• Your OAAA: Untying Regulatory Knots

    The OAAA hosted a webinar July 25 for non-members, to offer a look inside the national trade association.  Insider will publish a three-part series with the webinar highlights.  The first of three parts features longtime OAAA expert Myron Laible, explaining problem-solving.

    By Myron Laible

    I came to OAAA over 30 years ago from the Federal Highway Administration (FHWA).  My OAAA colleague Kerry Yoakum came to the trade association from Ohio DOT.  We know how government affects billboards, and enjoy solving local problems and delivering helpful information.

    Teacher of the Month featured on Albuquerque billboard.

    The range of topics we see is virtually endless.  A few days ago, a billboard operator in the East wanted to know about billboard partnerships with schools.  We explained – that day – a longstanding billboard partnership with Albuquerque Public Schools, which is touted in the sharp-looking annual reports of the local school foundation.

    I’ll describe three other examples that illustrate OAAA problem-solving:

    • Feds as the Boogeyman

    A stalling tactic by state and local government is to blame the feds, and to stoke false fear of federal punishment.  Billboard operators in Kentucky faced this problem, which is all too common.

    I invited FHWA to clear the air in Kentucky.  A former colleague at the federal highway agency clarified that vegetation control is under state authority (not federal).  Further, FHWA said it accepts state regulation of digital billboards.

    By eliminating FHWA as the Boogeyman, we opened the door for progress in Kentucky on vegetation control and acceptance of digital billboards.

    • Billboard removal

    Billboard operators in Florida faced another common regulatory challenge:  how to save billboards from state removal.  This particular dispute concerned a billboard overhanging the highway right of way line.

    Billboard operators in Florida wanted to know if there was an alternative to condemnation.

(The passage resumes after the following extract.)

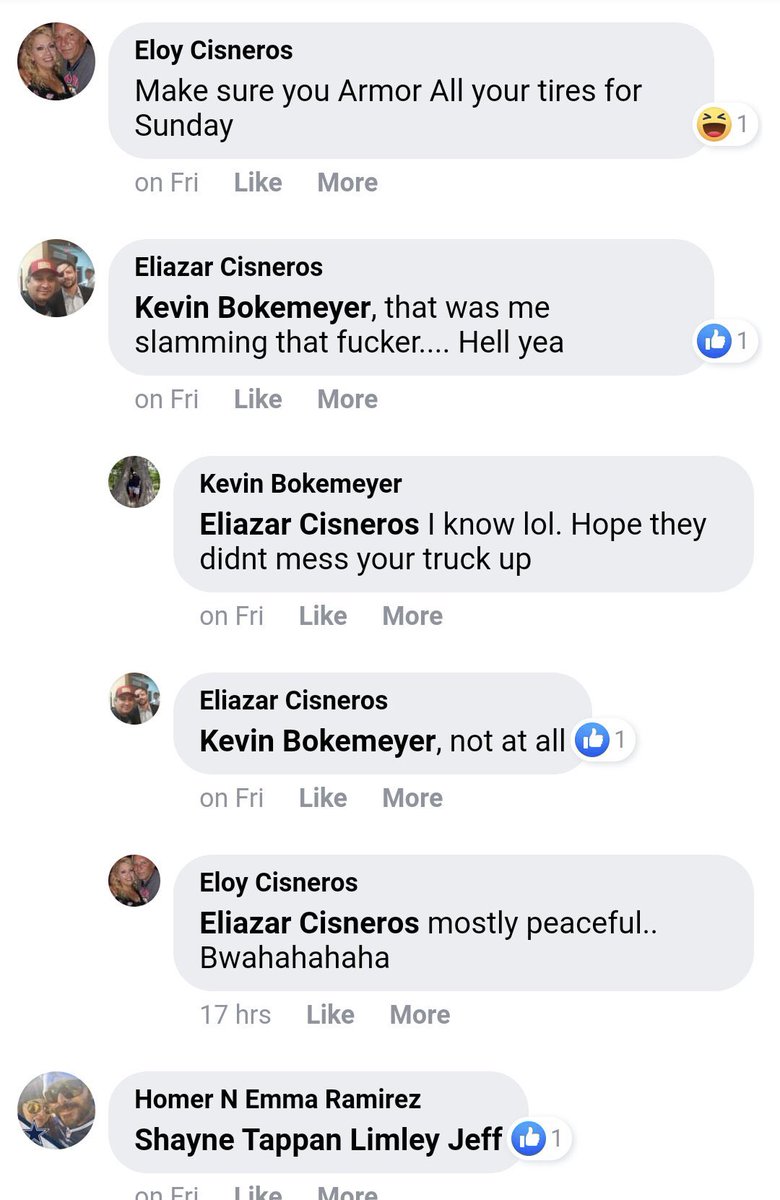 He is bragging on Facebook about endangering people's lives. " that was me slamming that fucker"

    I brought in the feds, who opposed a big payout of taxpayer funds.

    The outcome:  the billboard was saved and the right of way line was changed.

    • Digital lighting

    Myron testifying in Montana about digital lighting standards.

    As states began to regulate digital billboards, a new regulatory question surfaced related to digital lighting.  OAAA worked with independent experts to develop a standard to limit lighting to surrounding conditions (0.3 foot candles above ambient light).

    A growing number of states and localities have adopted this commonsense standard.  Most recently I worked with Colorado, Montana, and Nevada to codify digital lighting standards.

    This example highlights cornerstones of OAAA’s regulatory work:

    • Research
    • Standard setting
    • Advocacy
    • Expert testimony

    By the way, public officials in Montana had curiosity that is common to politicians and staff:  what are other jurisdictions doing . . . how are our counterparts handling this issue? On subject after subject, OAAA can explain what is occurring around the country.

    Kerry and I deal with everyday issues that affect your bottom line, and we’d like to help you.